[What the task asks]
After locating the line with "Coppia giovane sulla" in the entries below, output it and each following line up to and including the line with "a woman sitting", exactly and without pictures.

Segment Start: Source data

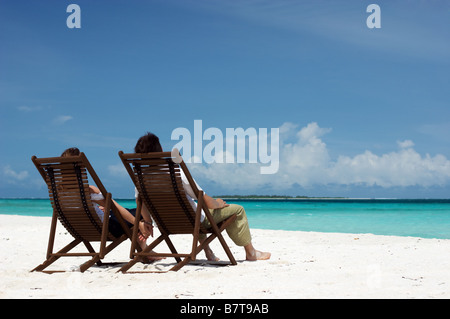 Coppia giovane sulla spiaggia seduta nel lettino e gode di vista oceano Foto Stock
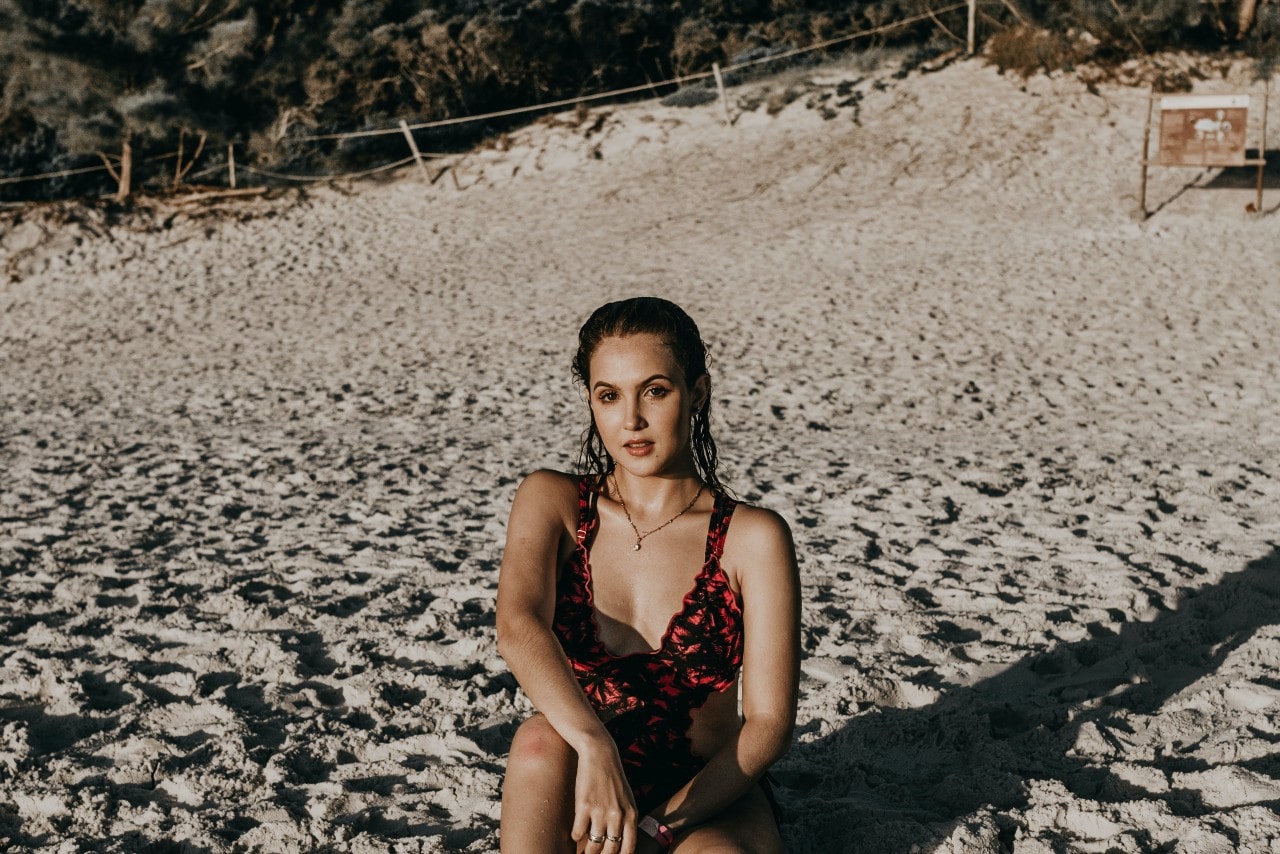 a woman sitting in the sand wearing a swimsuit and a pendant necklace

Segment End: Source data
Segment Start: Source data

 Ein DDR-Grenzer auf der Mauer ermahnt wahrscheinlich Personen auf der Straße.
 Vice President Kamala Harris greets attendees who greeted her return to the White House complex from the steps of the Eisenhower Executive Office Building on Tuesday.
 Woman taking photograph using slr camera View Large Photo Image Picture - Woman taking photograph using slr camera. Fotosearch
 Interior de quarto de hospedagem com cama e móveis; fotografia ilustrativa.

Segment End: Source data
Segment Start: Source data

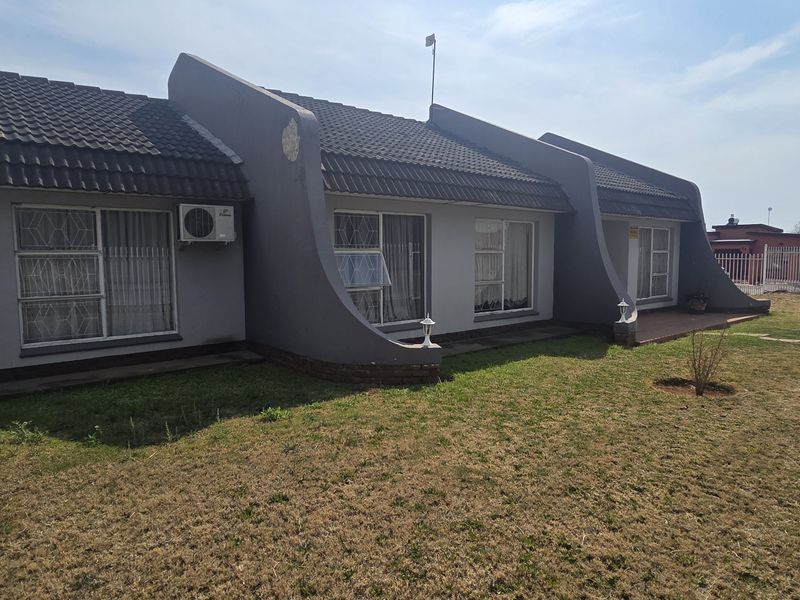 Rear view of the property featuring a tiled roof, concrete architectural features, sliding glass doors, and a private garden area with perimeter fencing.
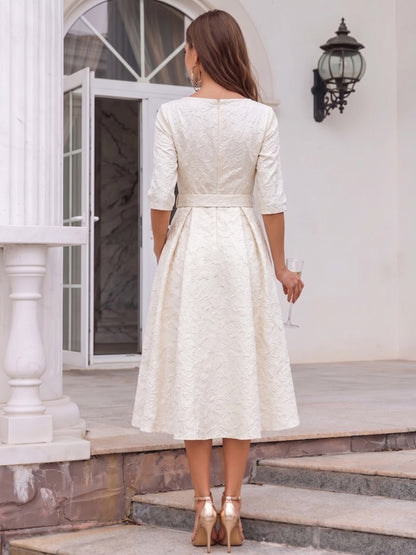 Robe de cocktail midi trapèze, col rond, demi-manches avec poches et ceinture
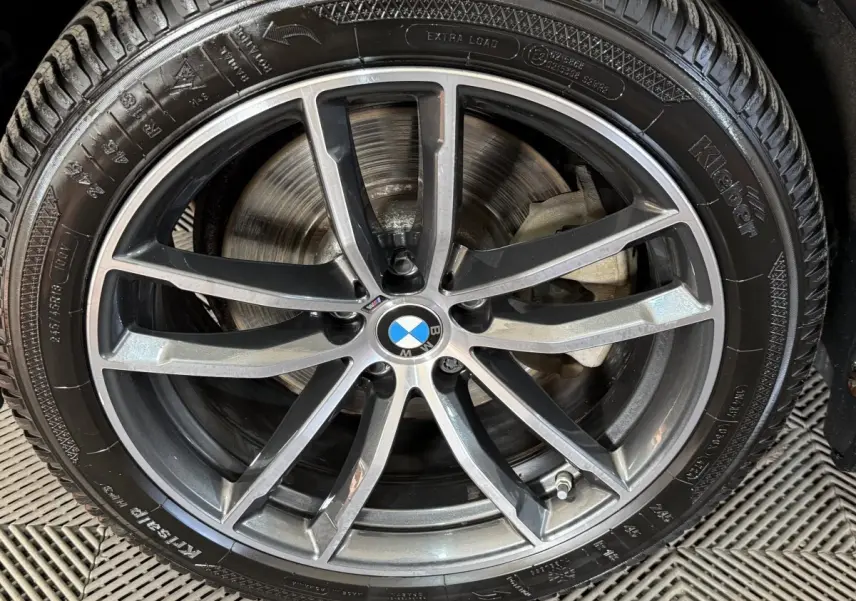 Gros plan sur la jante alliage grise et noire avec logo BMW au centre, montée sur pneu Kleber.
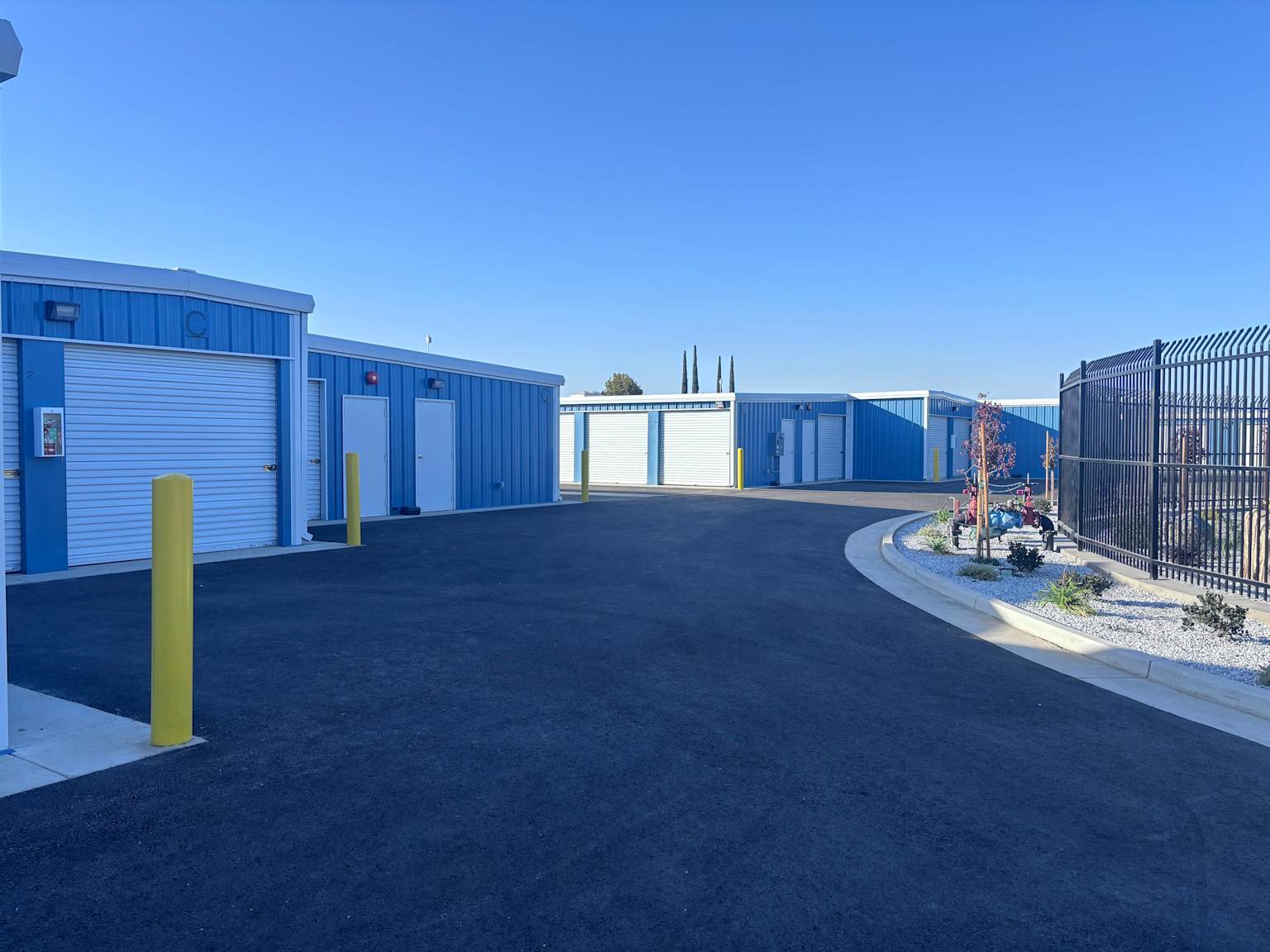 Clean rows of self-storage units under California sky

Segment End: Source data

[Solution for this problem]
 Coppia giovane sulla spiaggia seduta nel lettino e gode di vista oceano Foto Stock
 a woman sitting in the sand wearing a swimsuit and a pendant necklace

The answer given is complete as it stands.